Thank you for those who contributed to the discussion in the post below on the Ravenna Document. Thank you too to those who pointed to the Ochlophobist’s blog on the matter (drinking wine together is never a bad thing in ecumenical circles so at least he acknowledges that there is something positive about these meetings).
Of all that he had to say, I found most interesting the statement:
I will remind you, dear reader, of your Ochlophobist’s first rule of Orthodox/Catholic “dialogue” – that for reunion to take place one of the two communions will have to cease to be who she is now.
There is a sense in which this is true and two senses in which it is false.
The sense in which it is true is that any future full communion between the Orthodox Churches and Catholic Church (I abhore the description “Roman” Catholic, which applies only to the diocese of Rome–I am a Melbourne Catholic in communion with the See of Rome, and my Ukrainian friends are Ukraininan Catholic in communion with the See of Rome, etc.) will require each of us to “die to ourselves” in some way in order to “rise with Christ” as a new creation. So yes. There will be a “ceasing to be what we are now” required. This involves the whole tension between identity and unity which may (indeed) never be fully solved this side of the eschaton.

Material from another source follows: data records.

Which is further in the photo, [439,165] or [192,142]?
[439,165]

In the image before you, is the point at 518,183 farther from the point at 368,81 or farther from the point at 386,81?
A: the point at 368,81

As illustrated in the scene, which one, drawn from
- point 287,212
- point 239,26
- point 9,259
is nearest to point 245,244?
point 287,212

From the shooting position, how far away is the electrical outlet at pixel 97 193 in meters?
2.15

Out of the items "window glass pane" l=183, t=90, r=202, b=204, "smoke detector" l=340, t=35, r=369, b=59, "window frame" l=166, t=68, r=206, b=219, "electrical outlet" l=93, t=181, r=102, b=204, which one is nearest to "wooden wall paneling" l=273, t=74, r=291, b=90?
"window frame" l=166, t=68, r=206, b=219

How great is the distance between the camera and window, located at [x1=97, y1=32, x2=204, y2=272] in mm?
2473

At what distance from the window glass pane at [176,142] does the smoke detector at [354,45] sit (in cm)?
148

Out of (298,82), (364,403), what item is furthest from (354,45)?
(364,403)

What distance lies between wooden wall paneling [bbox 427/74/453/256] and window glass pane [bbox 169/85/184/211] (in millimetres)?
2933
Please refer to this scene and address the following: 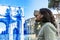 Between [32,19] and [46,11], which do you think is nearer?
[46,11]

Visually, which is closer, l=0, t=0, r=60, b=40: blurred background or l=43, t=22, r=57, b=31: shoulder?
l=43, t=22, r=57, b=31: shoulder

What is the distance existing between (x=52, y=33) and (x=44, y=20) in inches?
8.3

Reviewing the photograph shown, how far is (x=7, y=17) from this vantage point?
2721 millimetres

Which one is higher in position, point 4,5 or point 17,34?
point 4,5

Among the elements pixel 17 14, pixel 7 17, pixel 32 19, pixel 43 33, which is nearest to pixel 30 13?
pixel 32 19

However, in another sense, keeping the mystery of the Resurrection in mind and St Paul’s way of phrasing it, that which is sown is one thing, and that which is raised is still that same thing (continuity of identity) but radically transformed by the grace of God. Full communion between all the true particular Churches of God will mean that, by dying to ourselves, God will raise us to be like Christ (as we should be): a new existence, but an existence more perfectly conformed to the Risen Christ than we are now. So yes, the change required would mean that we are no longer what we are now (a discontinuity, if you like, with the past), but the nature of the new reality will be in radical continuity with the reality that we now have. Nothing will be lost except our sinfulness and what will be gained will be greater grace and holiness.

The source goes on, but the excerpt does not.